Caption-style text data

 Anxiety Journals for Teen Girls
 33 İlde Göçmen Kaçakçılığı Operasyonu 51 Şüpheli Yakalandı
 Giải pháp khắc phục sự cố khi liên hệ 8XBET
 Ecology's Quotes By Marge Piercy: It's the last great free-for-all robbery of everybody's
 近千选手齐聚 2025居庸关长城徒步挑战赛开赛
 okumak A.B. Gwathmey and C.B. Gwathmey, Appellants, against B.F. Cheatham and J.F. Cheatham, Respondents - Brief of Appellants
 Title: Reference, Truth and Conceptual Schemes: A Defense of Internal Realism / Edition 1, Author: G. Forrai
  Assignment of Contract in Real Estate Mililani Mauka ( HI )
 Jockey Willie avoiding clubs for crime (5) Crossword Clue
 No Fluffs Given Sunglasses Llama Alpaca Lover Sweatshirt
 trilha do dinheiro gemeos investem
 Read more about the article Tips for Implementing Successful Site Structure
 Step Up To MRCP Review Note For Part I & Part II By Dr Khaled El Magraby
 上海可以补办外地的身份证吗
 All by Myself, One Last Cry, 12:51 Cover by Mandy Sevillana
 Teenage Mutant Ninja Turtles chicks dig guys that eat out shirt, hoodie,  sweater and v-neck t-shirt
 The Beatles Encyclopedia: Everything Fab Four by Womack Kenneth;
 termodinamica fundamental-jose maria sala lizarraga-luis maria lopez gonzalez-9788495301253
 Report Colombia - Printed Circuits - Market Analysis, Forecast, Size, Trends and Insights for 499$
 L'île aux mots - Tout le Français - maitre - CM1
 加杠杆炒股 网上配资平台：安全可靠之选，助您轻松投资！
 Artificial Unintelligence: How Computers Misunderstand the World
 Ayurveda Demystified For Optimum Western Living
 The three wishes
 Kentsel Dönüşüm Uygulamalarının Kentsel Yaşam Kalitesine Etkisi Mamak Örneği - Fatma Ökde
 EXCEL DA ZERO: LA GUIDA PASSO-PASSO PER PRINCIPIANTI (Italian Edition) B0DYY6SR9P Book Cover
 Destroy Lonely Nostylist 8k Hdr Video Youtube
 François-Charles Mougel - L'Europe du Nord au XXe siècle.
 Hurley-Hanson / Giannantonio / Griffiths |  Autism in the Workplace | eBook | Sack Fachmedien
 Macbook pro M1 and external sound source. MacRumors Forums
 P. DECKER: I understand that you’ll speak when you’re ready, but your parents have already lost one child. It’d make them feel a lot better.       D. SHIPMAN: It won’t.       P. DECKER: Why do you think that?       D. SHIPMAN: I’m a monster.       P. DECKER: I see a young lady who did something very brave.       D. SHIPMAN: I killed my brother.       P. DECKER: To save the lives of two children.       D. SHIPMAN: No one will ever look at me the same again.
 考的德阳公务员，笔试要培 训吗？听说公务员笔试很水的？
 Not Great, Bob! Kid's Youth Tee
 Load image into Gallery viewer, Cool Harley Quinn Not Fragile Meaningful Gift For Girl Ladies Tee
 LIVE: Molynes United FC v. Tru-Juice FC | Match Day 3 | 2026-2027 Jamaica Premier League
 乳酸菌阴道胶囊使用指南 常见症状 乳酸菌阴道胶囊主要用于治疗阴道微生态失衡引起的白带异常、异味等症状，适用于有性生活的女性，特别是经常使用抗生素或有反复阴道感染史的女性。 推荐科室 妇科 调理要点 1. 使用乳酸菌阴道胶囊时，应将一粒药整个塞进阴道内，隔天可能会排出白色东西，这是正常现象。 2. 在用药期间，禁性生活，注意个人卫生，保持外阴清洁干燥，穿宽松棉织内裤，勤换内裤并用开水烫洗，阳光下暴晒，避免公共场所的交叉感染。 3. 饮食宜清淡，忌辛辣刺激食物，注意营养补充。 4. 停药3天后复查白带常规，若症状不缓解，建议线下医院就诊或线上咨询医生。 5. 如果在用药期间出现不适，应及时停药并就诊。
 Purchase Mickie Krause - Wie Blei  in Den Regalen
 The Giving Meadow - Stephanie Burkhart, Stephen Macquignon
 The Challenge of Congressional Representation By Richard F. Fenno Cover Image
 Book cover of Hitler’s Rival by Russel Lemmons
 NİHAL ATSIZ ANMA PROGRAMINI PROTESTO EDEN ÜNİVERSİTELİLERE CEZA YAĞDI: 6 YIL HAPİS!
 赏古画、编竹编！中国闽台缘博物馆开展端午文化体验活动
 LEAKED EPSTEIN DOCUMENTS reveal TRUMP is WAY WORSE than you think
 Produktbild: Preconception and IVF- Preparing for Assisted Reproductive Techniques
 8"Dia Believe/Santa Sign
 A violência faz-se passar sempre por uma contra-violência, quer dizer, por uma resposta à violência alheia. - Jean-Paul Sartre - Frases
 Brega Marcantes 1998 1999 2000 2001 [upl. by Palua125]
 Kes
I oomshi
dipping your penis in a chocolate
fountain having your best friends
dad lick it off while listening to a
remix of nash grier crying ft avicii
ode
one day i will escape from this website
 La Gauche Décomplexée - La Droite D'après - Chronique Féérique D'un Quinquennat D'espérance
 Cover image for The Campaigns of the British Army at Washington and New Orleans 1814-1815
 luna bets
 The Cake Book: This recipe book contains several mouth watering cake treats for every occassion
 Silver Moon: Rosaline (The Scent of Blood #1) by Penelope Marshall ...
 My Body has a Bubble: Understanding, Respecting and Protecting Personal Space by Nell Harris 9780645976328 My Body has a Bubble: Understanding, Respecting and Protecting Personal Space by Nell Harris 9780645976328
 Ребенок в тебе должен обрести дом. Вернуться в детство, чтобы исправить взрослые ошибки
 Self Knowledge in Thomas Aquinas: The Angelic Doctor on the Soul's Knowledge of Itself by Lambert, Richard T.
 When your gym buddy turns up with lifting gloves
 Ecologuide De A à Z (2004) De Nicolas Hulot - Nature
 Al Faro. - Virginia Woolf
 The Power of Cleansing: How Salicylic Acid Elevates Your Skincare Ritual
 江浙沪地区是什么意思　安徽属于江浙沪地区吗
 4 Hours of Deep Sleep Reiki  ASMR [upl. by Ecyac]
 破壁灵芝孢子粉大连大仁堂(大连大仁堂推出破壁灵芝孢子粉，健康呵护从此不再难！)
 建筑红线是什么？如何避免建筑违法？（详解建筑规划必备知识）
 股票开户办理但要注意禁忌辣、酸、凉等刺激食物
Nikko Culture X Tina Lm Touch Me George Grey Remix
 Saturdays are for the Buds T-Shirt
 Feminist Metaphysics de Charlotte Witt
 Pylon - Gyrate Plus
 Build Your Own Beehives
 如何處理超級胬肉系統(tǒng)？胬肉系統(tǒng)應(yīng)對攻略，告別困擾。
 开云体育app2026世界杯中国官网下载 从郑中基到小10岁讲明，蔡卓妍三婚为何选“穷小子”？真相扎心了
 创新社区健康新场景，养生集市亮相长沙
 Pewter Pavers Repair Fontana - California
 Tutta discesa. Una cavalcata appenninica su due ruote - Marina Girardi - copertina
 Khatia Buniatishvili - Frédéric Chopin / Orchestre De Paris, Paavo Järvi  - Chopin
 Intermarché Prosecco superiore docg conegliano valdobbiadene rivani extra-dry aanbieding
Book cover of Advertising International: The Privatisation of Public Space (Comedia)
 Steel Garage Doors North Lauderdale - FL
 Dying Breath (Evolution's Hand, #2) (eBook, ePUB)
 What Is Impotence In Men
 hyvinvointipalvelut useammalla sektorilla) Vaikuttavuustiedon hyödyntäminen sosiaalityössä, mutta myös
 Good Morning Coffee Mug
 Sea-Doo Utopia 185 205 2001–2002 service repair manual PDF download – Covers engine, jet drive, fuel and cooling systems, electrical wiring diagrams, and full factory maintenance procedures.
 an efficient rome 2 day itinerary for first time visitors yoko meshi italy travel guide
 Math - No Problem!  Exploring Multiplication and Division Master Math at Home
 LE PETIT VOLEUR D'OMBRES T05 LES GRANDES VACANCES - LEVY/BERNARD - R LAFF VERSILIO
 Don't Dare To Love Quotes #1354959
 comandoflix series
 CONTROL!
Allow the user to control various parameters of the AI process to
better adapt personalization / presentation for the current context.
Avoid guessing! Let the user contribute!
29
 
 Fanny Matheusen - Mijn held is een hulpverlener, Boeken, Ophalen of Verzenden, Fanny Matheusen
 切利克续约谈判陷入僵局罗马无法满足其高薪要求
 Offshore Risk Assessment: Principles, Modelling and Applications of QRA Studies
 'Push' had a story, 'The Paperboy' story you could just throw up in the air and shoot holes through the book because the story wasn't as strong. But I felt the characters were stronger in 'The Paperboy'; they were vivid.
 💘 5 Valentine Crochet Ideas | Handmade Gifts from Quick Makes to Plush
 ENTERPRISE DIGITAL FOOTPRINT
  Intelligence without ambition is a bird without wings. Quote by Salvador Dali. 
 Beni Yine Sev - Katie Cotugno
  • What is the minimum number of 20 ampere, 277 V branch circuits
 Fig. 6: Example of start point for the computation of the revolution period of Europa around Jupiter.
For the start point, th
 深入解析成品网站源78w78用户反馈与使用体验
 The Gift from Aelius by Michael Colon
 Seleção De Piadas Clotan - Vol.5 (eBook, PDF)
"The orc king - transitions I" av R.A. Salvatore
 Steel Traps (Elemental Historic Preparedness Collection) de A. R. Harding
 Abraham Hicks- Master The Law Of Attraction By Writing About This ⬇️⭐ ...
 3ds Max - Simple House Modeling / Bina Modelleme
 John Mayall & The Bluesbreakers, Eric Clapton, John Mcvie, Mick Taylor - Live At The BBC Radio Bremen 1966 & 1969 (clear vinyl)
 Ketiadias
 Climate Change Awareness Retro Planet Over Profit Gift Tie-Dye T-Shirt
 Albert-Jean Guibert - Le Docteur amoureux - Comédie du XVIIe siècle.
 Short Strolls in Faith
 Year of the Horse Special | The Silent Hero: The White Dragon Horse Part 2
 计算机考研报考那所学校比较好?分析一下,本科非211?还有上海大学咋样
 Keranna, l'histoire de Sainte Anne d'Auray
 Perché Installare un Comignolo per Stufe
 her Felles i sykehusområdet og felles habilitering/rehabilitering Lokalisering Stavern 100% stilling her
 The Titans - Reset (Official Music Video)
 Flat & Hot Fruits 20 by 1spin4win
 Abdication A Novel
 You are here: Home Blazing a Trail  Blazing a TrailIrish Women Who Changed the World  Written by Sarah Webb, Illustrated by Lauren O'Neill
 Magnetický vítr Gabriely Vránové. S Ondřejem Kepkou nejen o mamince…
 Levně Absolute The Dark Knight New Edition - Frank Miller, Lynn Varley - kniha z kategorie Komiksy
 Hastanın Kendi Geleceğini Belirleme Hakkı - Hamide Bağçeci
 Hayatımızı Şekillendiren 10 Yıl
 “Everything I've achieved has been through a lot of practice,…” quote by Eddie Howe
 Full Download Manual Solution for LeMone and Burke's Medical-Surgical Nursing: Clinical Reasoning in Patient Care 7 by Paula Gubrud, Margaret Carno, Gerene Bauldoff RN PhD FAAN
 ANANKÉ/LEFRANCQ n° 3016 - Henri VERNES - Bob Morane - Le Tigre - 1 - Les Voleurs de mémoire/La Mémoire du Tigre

Description of the task →
Tally the lines in this data that hold the word "user" and state only the count.

Completed exercise →
2